Returns a tuple of (HashIdx, found) where HashIdx.index is the flat index into table.table, and found indicates existence.
- lookup_cuckoo(input: Xtructurable) tuple[CuckooIdx, bool, Array | ndarray | bool | number][source]
Finds the state in the hash table using Cuckoo hashing.
- Parameters:
table – The HashTable instance.
input – The Xtructurable state to look up.
- Returns:
idx (CuckooIdx): Index information for the slot examined.
found (bool): True if the state was found, False otherwise.
fingerprint (uint32): Hash fingerprint of the probed state (internal use).
If not found, idx indicates the first empty slot encountered during the Cuckoo search path where an insertion could occur.
- Return type:
A tuple (idx, found, fingerprint)
- lookup_parallel(inputs: Xtructurable) tuple[HashIdx, Array | ndarray | bool | number][source]
Finds the state in the hash table using Cuckoo hashing.

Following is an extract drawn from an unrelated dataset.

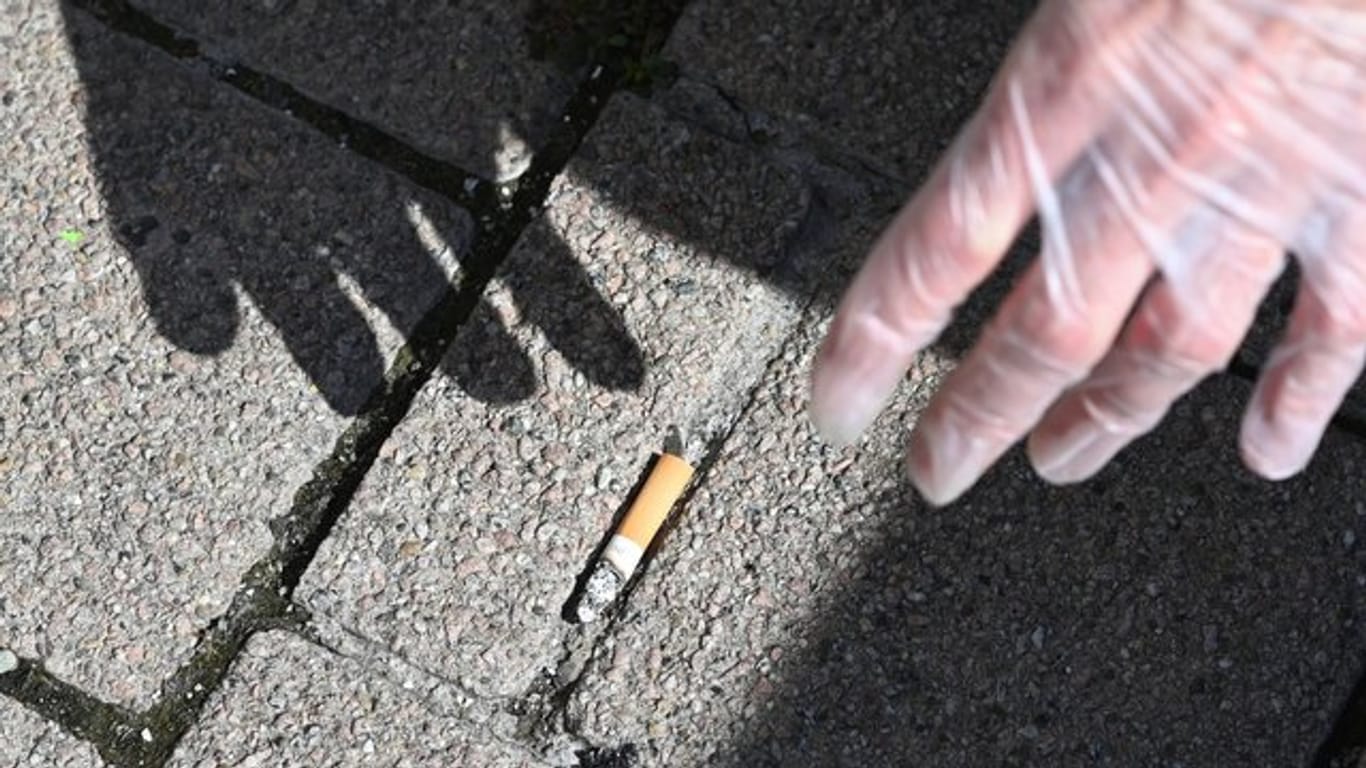Ein Mann sammelt eine Zigarettenstummel vom Boden auf.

Returns (HashIdx, found_mask) per input.
- parallel_insert(inputs: Xtructurable, filled: Array | ndarray | bool | number = None, unique_key: Array | ndarray | bool | number = None)[source]
Parallel insertion of multiple states into the hash table.
- Parameters:
table – Hash table instance
inputs – States to insert
filled – Boolean array indicating which inputs are valid
unique_key – Optional key array for determining priority among duplicate states. When provided, among duplicate states, only the one with the smallest key value will be marked as unique in unique_filled mask.
- Returns:
Tuple of (updated_table, updatable, unique_filled, idx)
- replace(**kwargs)
- seed: int
- size: int
- table: Xtructurable
- table_idx: Array | ndarray | bool | number
- to_tuple()